_Task description_. The records below are to be copied exactly, with every picture left out.

_Data provided_.

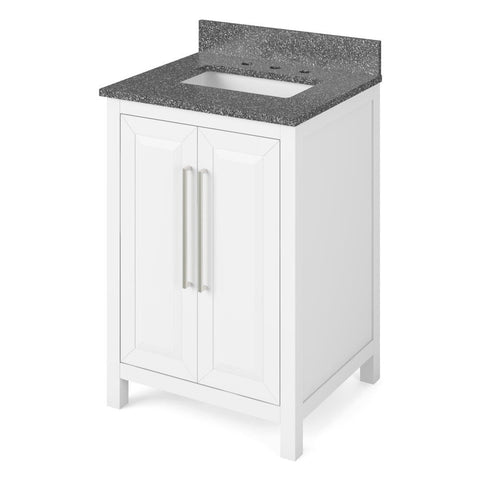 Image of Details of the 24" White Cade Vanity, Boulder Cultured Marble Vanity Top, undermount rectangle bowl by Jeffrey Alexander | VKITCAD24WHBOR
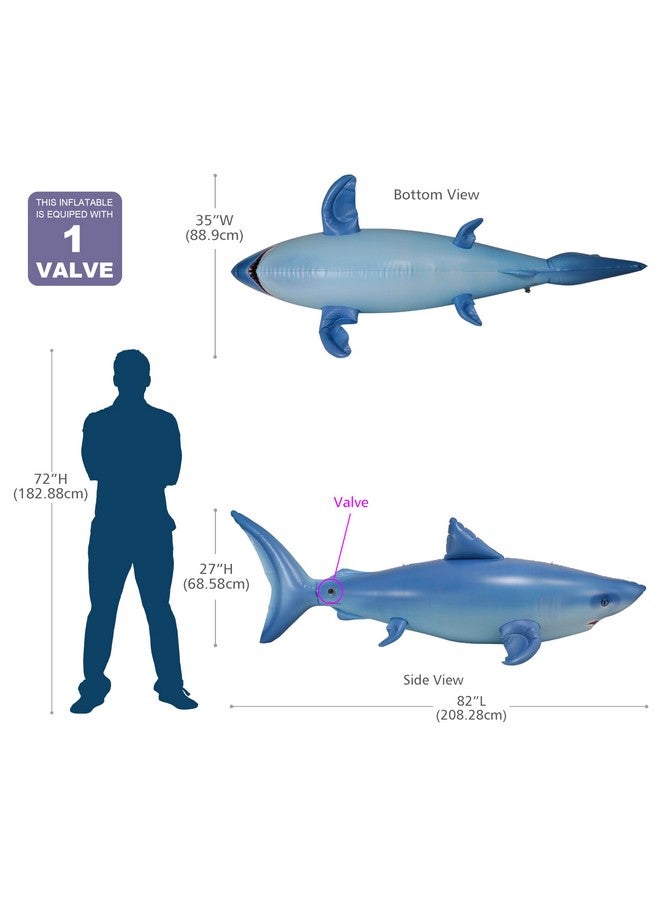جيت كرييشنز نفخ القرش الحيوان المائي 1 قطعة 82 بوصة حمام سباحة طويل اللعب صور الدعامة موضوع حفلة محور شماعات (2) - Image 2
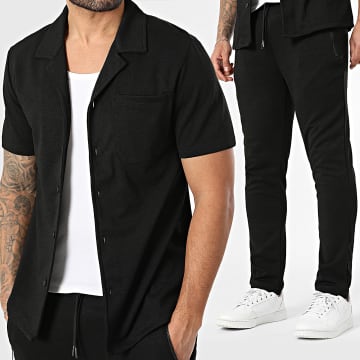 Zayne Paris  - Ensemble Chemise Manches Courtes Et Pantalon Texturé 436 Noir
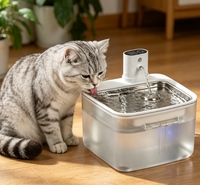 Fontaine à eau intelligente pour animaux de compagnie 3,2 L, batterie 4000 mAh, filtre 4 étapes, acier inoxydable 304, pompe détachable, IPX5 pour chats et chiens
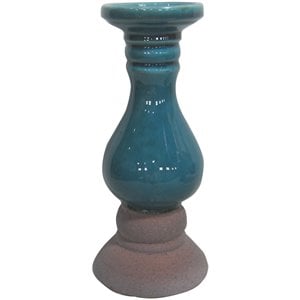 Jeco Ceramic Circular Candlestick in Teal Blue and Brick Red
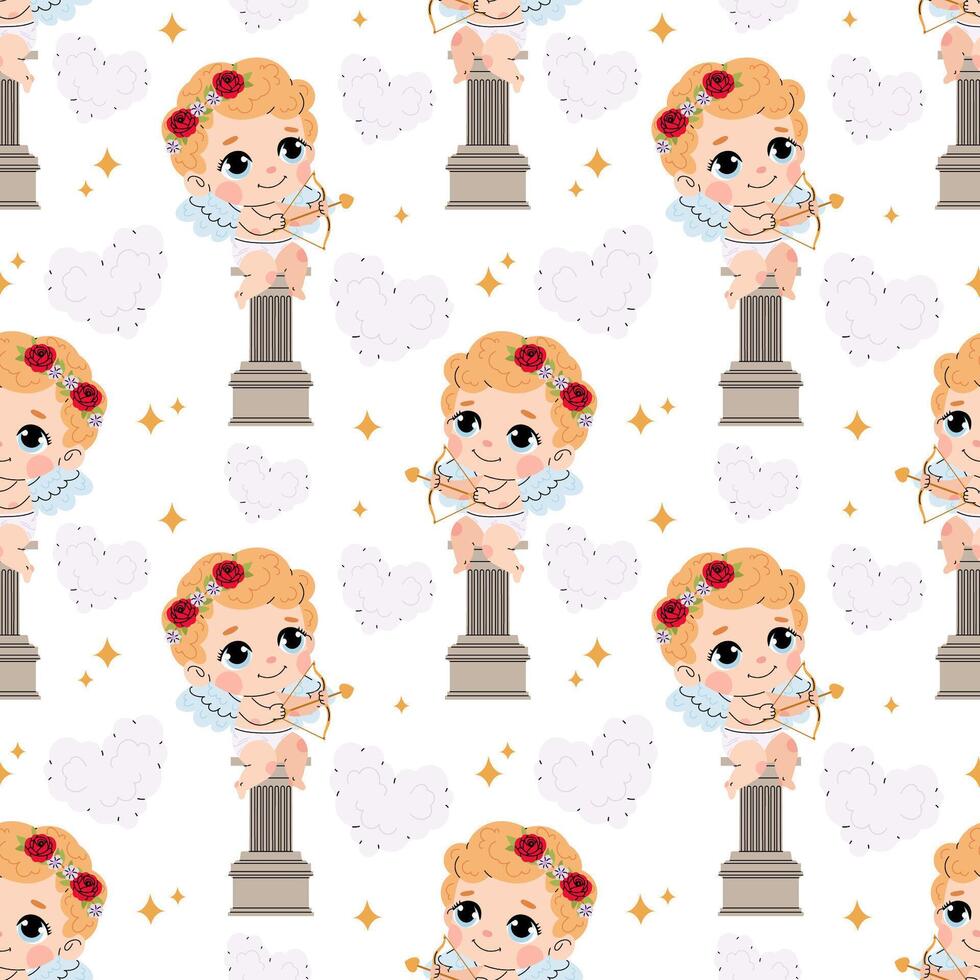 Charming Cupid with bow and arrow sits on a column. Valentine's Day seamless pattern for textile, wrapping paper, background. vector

_Your solution_.
 Image of Details of the 24" White Cade Vanity, Boulder Cultured Marble Vanity Top, undermount rectangle bowl by Jeffrey Alexander | VKITCAD24WHBOR
جيت كرييشنز نفخ القرش الحيوان المائي 1 قطعة 82 بوصة حمام سباحة طويل اللعب صور الدعامة موضوع حفلة محور شماعات (2) - Image 2
 Zayne Paris  - Ensemble Chemise Manches Courtes Et Pantalon Texturé 436 Noir
 Fontaine à eau intelligente pour animaux de compagnie 3,2 L, batterie 4000 mAh, filtre 4 étapes, acier inoxydable 304, pompe détachable, IPX5 pour chats et chiens
 Jeco Ceramic Circular Candlestick in Teal Blue and Brick Red
 Charming Cupid with bow and arrow sits on a column. Valentine's Day seamless pattern for textile, wrapping paper, background. vector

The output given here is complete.